As both campaigns settle in for a long struggle beyond February 5th, the Democratic race has become a battle for delegates, which are awarded proportionately - candidates who lose a primary can still pick up delegates.

This is why Mr Obama is campaigning hard in delegate-rich New York despite the fact that Mrs Clinton is likely to win in her home state. The former first lady is also fighting for every vote in Mr Obama's back yard of Illinois.

Mrs Clinton lost to Mr Obama in Iowa partly because her campaign underestimated the turnout, a mistake not repeated since.

In New Hampshire and Nevada, Mrs Clinton's ground game outpaced Mr Obama's, so that she won the caucuses even in most of the Las Vegas casinos where Mr Obama had the support of a powerful union.

The emergence of the economy as the campaign's biggest issue plays to Mrs Clinton's strength as a candidate focused on bread-and-butter issues with an unrivalled grasp of policy detail. At last week's debate in Las Vegas, she sounded like the class swot as she spoke with confidence about sovereign wealth funds and the complicated financial instruments at the heart of the subprime mortgage crisis.

At a rally later that evening, however, she was equally comfortable talking about the price of milk and eggs - two commodities the former first lady is unlikely to have shopped for in person.

By contrast, Mr Obama appears uneasy with the nuts and bolts of policy, especially on the economy. At two events last week he made simple mistakes, confusing a tax increase with a tax cut and getting into a muddle as he sought to explain his plan to safeguard the social security system.

On the Republican side, the focus on the economy should benefit former Massachusetts governor Mitt Romney, the only candidate with a solid background in business. Mr Romney won last week's primary in his home state of Michigan by promising to revive the motor industry. He is campaigning as a manager who can apply his experience of turning around ailing companies to rescuing the troubled US economy.

Mr Romney and Arizona senator John McCain are currently the strongest candidates as they enter a four-way race in Florida with former New York mayor Rudy Giuliani and former Arkansas governor Mike Huckabee.

Losing narrowly to Mr McCain in South Carolina was a blow to Mr Huckabee, who was counting on grass-roots support from evangelical Christians to outflank Mr McCain's superior funding and organisation. Mr Huckabee fared well among white born-again or evangelical Christians but among other voters, Mr McCain had an overwhelming advantage - about four in 10, nearly three times Mr Huckabee's support.

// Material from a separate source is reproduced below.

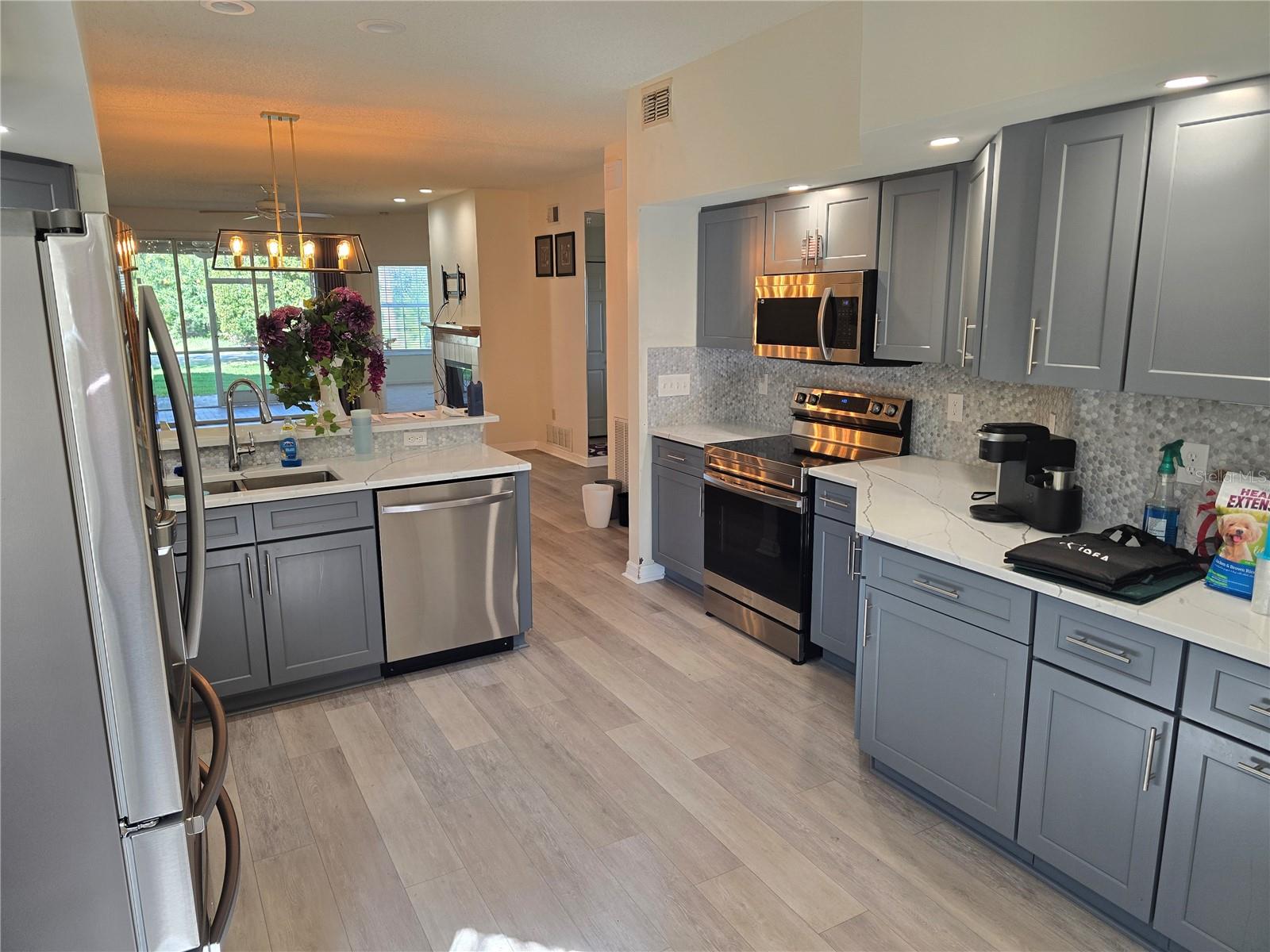 1294 CLAYS TRL #1294, OLDSMAR, FL, 34677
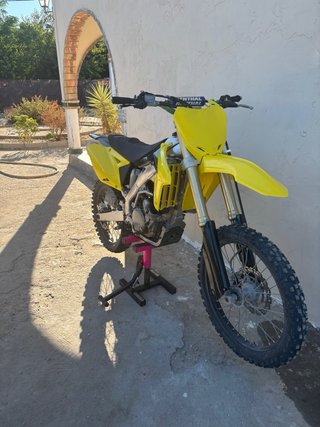 Suzuki RMZ 450 2016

Mr McCain remains a suspect figure to many conservatives, some of whom accuse him of courting the support of the media by opposing his own party's base on everything from tax cuts to immigration.

Influential conservative talk radio hosts, led by Rush Limbaugh, have been loud in their condemnation of both Mr McCain and Mr Huckabee as they talk up Mr Romney as the most conservative candidate with the best chance of winning in November.

Mr Giuliani remains the wild card in Florida, where he is hoping for his first victory after opting out of most of the early contests. The former New York mayor believes that if he wins in Florida he will be the front-runner on Super Tuesday, when big states like New York and California could swing in his direction.

Unlike the Democrats, Republicans have a winner-takes-all primary system, so that in most states, the candidate who wins the primary claims all of that state's delegates to the convention that will choose the party's presidential candidate.